4. Regularly conduct forensic assessments of the company’s cybersecurity systems and all known and potential internal and external threats.
Once security leaders have analyzed the results and have recommendations, share the takeaways with the C-suite so they have a regular snapshot of the risk level.
5. Be prepared to disclose cybersecurity issues such as vulnerabilities, breaches and other cyber incidents before the full scope of the incident is understood.
Update disclosures as the details become more clear, financial consequences are quantified, and other repercussions emerge. Carefully determine what the impact is on the company of the incidents, how they could adversely affect operations and finances, and be prepared to divulge exactly when senior management and the board was informed.
In the end, both First American Financial and Pearson got off with relatively light penalties compared to the first case of breach disclosure issues. In 2018, Yahoo was fined $35 million for failing to reveal a 2014 data breach and its consequences in financial disclosures. However, First American Financial and Pearson are different from Yahoo in that they involve SEC action pertaining specifically to the breach and vulnerability, whereas Yahoo involved an SEC fine that came four years after the breach and which related solely to the charge of misleading investors. The new fines are proof positive from the SEC that the agency now considers cyber risk to be as significant as any other business risk that imperils the finances and future of the company and deprives the investing public of the information needed to make sound investment decisions.
Going forward, we will see greater scrutiny on how companies handle the disclosure of cybersecurity matters, in particular. The Biden administration has been laser-focused on creating greater transparency with cybersecurity in an attempt to improve our nation’s defensive capabilities in the face of non-stop ransomware and other attacks. In strategic guidance provided in March, President Biden listed cybersecurity defenses as a top priority for our country’s national security, the first time cybersecurity was designated as such.
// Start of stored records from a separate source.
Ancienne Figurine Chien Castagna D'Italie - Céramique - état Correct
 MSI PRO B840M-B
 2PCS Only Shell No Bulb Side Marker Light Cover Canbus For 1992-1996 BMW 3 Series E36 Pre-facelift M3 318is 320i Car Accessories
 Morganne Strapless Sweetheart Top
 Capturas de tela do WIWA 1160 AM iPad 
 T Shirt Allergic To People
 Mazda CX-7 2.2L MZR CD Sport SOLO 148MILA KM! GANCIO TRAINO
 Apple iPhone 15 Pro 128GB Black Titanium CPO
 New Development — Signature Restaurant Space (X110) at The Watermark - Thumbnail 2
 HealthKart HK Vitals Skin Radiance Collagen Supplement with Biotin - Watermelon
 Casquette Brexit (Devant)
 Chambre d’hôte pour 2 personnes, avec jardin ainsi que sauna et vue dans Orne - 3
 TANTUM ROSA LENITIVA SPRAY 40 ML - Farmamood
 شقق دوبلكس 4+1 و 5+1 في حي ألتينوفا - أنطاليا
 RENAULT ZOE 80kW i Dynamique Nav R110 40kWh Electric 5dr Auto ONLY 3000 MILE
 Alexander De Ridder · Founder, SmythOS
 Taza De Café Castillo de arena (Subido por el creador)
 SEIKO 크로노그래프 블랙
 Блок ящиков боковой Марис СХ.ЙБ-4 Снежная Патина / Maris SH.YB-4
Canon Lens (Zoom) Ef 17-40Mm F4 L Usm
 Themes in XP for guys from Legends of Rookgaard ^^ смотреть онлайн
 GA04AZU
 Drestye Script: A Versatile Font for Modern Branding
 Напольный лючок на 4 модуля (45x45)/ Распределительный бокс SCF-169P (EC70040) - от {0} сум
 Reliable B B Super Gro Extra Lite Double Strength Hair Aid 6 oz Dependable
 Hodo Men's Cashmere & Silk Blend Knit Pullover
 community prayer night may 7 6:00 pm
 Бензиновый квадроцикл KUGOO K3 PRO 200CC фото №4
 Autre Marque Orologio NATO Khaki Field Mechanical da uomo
Regulators will expect more transparency from public companies that experience cyberattacks and other incidents that can have material financial consequences. This is a good thing for companies and the industry as a whole. The more visibility companies have into their cyber risk the more effectively they can address it. With the right disclosure controls and best risk management practices in place, companies will be able to not just comply with SEC regulations but also better understand the risks and prevent future harm. This means less risk for their investors and a healthier marketplace.